Pasé a otro caso y, cuando estaba a medio redactar un informe para otro cliente, recibí una llamada de Karen Lennon. Aquella mañana había ido a ver a la señorita Della.
– Charlamos un rato -dijo la reverenda-, y al final recordó el nombre de algunos conocidos de su hijo.
Era una lista pequeña, pero menos da una piedra. La señorita Della había soltado el nombre del profesor de física de Lamont en el instituto y el del pastor de su iglesia, llamado Hebert. Karen Lennon había conseguido convencerla de que divulgara los nombres de tres amigos de la adolescencia. El éxito de un interrogatorio consiste en formular las preguntas de forma que el individuo las responda. Era evidente que Karen Lennon tenía un tacto con la anciana del que yo carecía.
– ¿Y cuándo podré hablar con la señorita Claudia?
– Me parece buena idea que lo haga -respondió, dubitativa-, si empieza a mejorar un poco. Ahora mismo está muy débil y sería un gran esfuerzo para ella hablar con una desconocida. Y la señorita Della tiene el poder notarial de la señorita Claudia, por lo que eso también podría ser un obstáculo.
Cuando colgué, hice una búsqueda de las personas que habían conocido a Lamont. Cuatro de los cinco hombres seguían vivos, lo cual no era la gran ayuda que una detective optimista necesita. Uno de los amigos de juventud de Lamont había muerto de cáncer de páncreas a los treinta y siete años. Un segundo amigo se había esfumado completamente, como el propio Lamont. El profesor de física se había jubilado y retirado a Misisipi hacía quince años y el pastor Hebert, que tenía noventa y tres, ya no era el hombre inspirador que había sido en sus mejores años. «Oh, el pastor Hebert, qué pena», dijo la mujer que me devolvió el mensaje que dejé en el contestador automático de su iglesia. «El Espíritu Santo moraba en el cuerpo de ese hombre.»
Le pregunté si había muerto.
– No, no. Todavía está con nosotros, ya me entiende. Fue él quien nos llevó a Jesús, a mí y a mis dos hijos y a mis hermanas, y necesitamos la voz salvadora de ese hombre aquí, pero el Señor hace Su voluntad en Su propio tiempo y nosotros debemos rezar a Jesús, rezar para que el pastor Hebert se cure y rezar para que encontremos un profeta que nos guíe para salir del desierto.
– Sí, señora -dije débilmente.
Luego, llamé al profesor de física, que se acordaba de Lamont pero no lo había visto desde que se había graduado del instituto. «Era un joven inteligente, un buen estudiante. A mí me habría gustado que fuese a la universidad, pero se volvió un chico tan airado que no podías hablarle de nada que tuviese que ver con el mundo del hombre blanco. Le sugerí que estudiase en Howard o en Grambling, pero no escuchaba. Ni siquiera supe que hubiera desaparecido.»

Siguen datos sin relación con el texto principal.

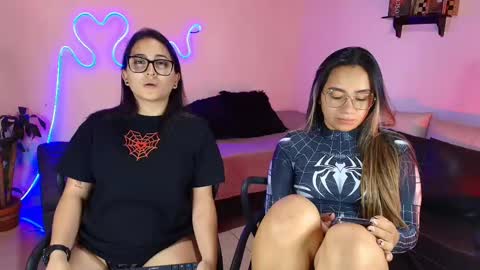 Jules and Gia online show from February 24, 2025, 12:09 am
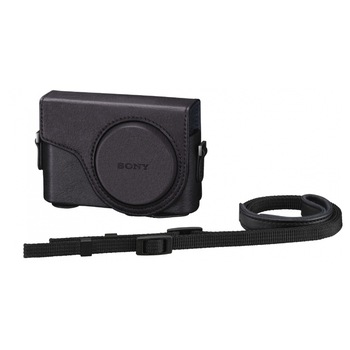 Geanta de protectie Sony LCJ-WD, pentru WX300, Black Geanta de protectie Sony LCJ-WD, pentru WX300, Black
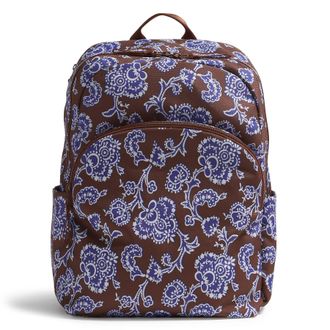 Vera Bradley Outlet Lighten Up Essential Large Backpack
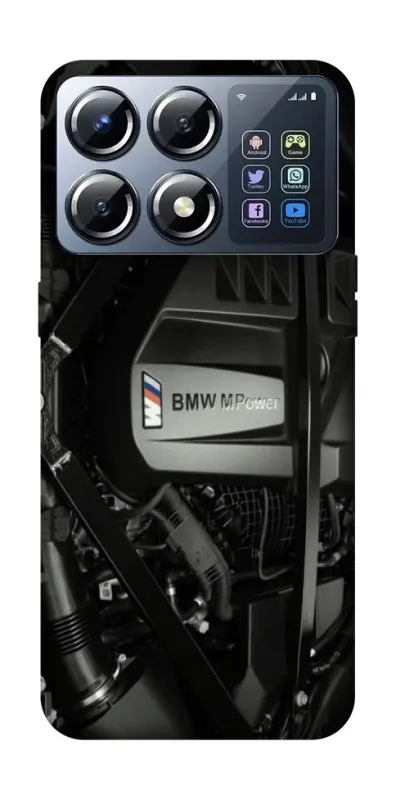 Чохол на Xiaomi POCO X8 Pro BMW V58 фото 1 з 1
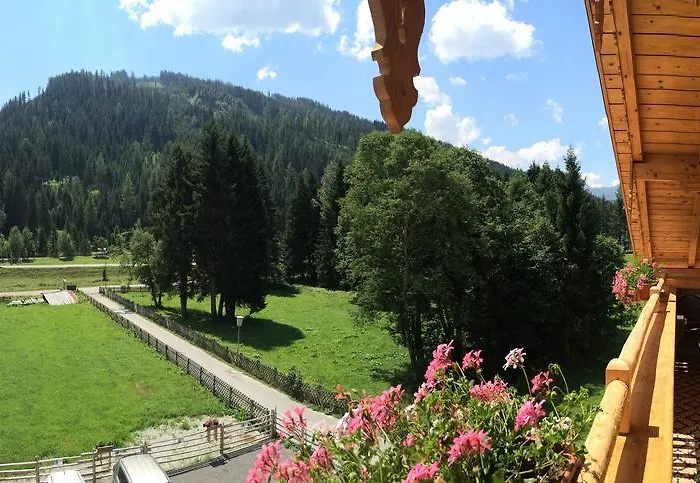 Otel Schoenruh Gerlos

El profesor prometió llamar si se enteraba de algo, lo cual era tan improbable como que los Cubs llegaran a la final. Sólo me quedaba un hombre llamado Curtis Rivers, que todavía vivía en West Englewood, a pocas manzanas de donde Lamont y él se habían criado. Como las otras personas de la lista de la señorita Della, Rivers había hecho muy pocas cosas que aparecieran en internet. No había votado, no había estado en prisión ni se había presentado a ningún cargo público y no tuve manera de saber si se había casado. Sin embargo, poseía una tienda de reparación de calzado, «A medida para sus pies», en Seventieth Place, al oeste de Ashland.
No tuve ocasión de visitar la tienda de Rivers hasta media tarde. Dediqué la mayor parte de la jornada al trabajo que me había encargado Darraugh Graham. Tenía que rastrear las credenciales como ingeniera de una mujer a la que Darraugh quería contratar para su división aeroespacial, y mis pesquisas me llevaron a la Escuela de Ingeniería de la Universidad del Noroeste.